WTF::StringView::CodePoints::Iterator doesn't have a suffix increment operator, and given the implementation of that class (in particular, the particular semantics that Darin and I discussed), I don't think adding one would be a good idea.

>> Source/WebCore/svg/SVGToOTFFontConversion.cpp:598
>> +        Vector<Glyph> ligatureGlyphs;
> 
> You (almost?) always append at least one element to this Vector. You should give it some inline capacity (of probably more than 1) to avoid many heap allocations. Then you’ll typically only allocate buffers on the heap for the few ligatures in the font when you create a LigaturePair. You can probably even further minimize heap allocations by giving the Vector in LigaturePair inline capacity, and you can avoid copying by “speculatively” appending to ligaturePairs and doing all the work in the appended element.

Done.

>> Source/WebCore/svg/SVGToOTFFontConversion.cpp:613
>> +    if (!ligaturePairs.isEmpty()) {
> 
> If there are no ligatures, can we just avoid writing this subtable?

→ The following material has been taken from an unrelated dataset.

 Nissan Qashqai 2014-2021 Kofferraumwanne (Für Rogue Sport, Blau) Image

I don't think that's worth it. Doing so would both introduce additional complexity to SVGToOTFFontConverter::appendGSUBTable() which is already too complex, as well as splitting ligature handling into two places - a prepass to determine if we have ligatures (and probably build a data structure) and a secondary pass to iterate over the data structure and write the table. I don't think those costs justify this idea.

>> Source/WebCore/svg/SVGToOTFFontConversion.cpp:620
>> +                segmentStart = i;
> 
> You forgot the update previousFirstGlyph here!

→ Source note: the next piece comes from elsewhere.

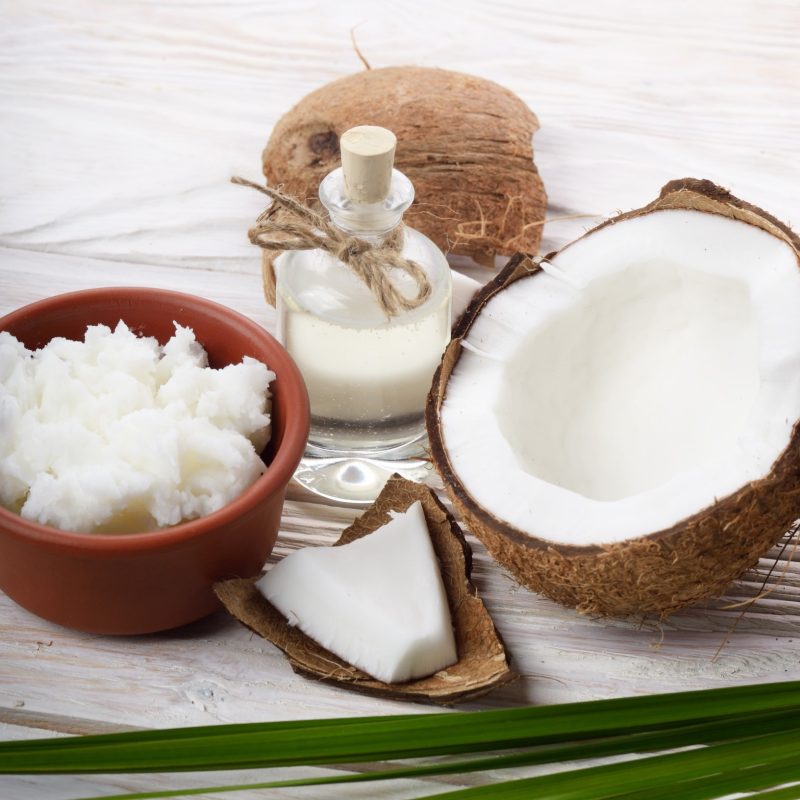 Huile de coco – Image 2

Oh my. It's a wonder the tests didn't catch this. I'll make sure I add a test for this.

Done.

>> Source/WebCore/svg/SVGToOTFFontConversion.cpp:661
>> +    for (auto segmentLength : overlappingFirstGlyphSegmentLengths) {
> 
> Why use range-based iteration here and index-based iteration everywhere else?

The other loops all use their loop variables.

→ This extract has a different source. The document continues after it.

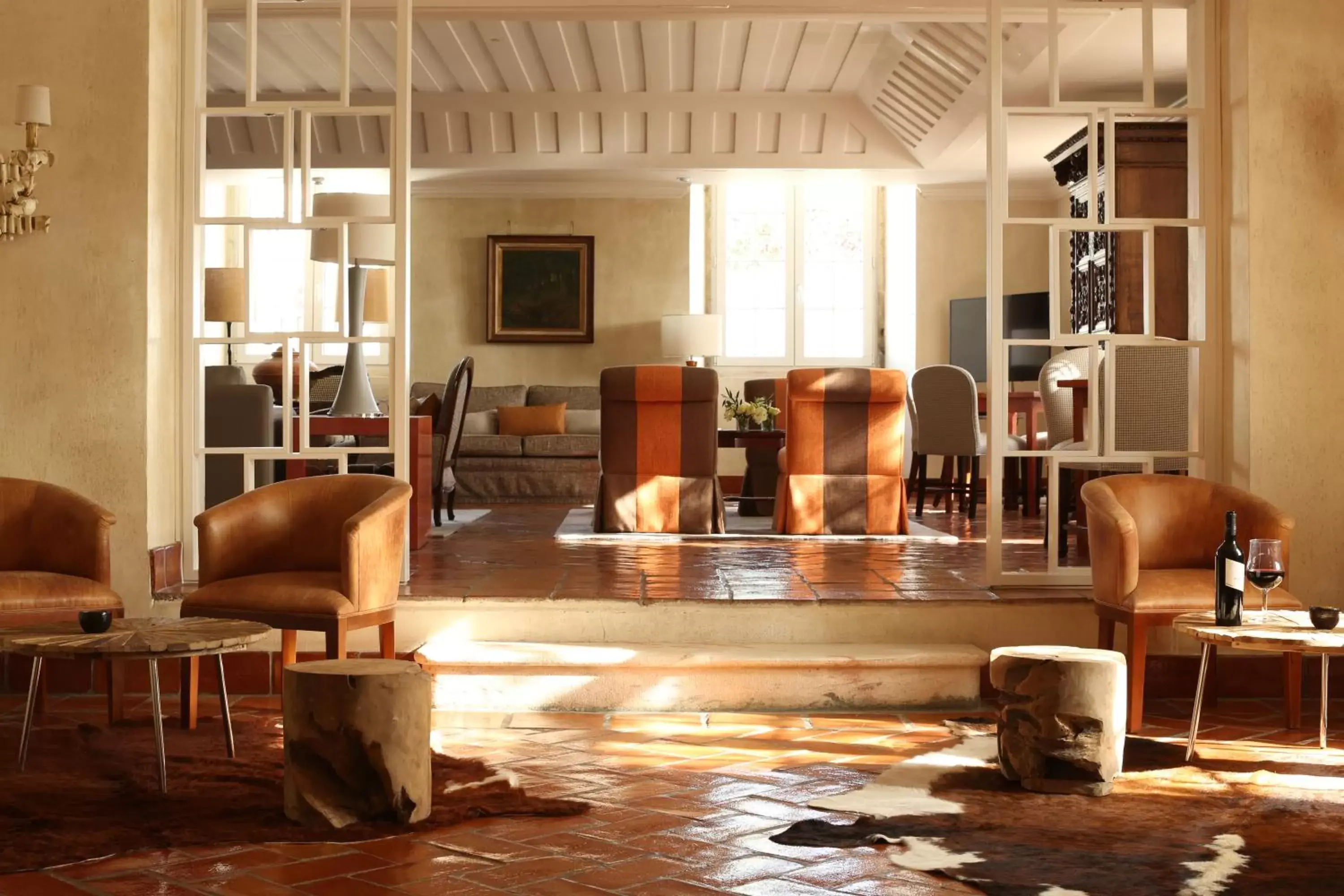 Lounge or bar in Pateo dos Solares Charm Hotel Lounge or bar in Pateo dos Solares Charm Hotel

>> Source/WebCore/svg/SVGToOTFFontConversion.cpp:710
>> +    m_featureCountGSUB += featureCount;
> 
> Can just replace this with
>     append16(m_featureCountGSUB++);

Done.

>> Source/WebCore/svg/SVGToOTFFontConversion.cpp:781
>> +        case 0:
> 
> Why does 4 come before 0? It’s kind of weird to write a for loop with a switch statement over the loop index variable.

I wanted to make it clear that I'm populating the LookupList with each feature. I think it's better to switch for a particular output value than have a bunch of duplicated code where it's not very obvious what the intention of the code is.

Do you think maybe I should pull out this switch statement into a helper function?

>> Source/WebCore/svg/SVGToOTFFontConversion.cpp:1155
>> +    charString.append(endChar);
> 
> Perhaps there should be a copy of this in a member variable so that you don’t have to create it every time this function is called?

Done.

>> Source/WebCore/svg/SVGToOTFFontConversion.cpp:1169
>> +        ++codePointsIterator;
> 
> UChar32 codepoint = codePointsIterator++;

See above.
Comment 10 Myles C. Maxfield 2015-01-06 17:52:47 PST
Created attachment 244114 [details]
Patch
Comment 11 WebKit Commit Bot 2015-01-11 14:55:43 PST
Comment on attachment 244114 [details]
Patch

Clearing flags on attachment: 244114

Committed r178249: <http://trac.webkit.org/changeset/178249>
Comment 12 WebKit Commit Bot 2015-01-11 14:55:49 PST
All reviewed patches have been landed.  Closing bug.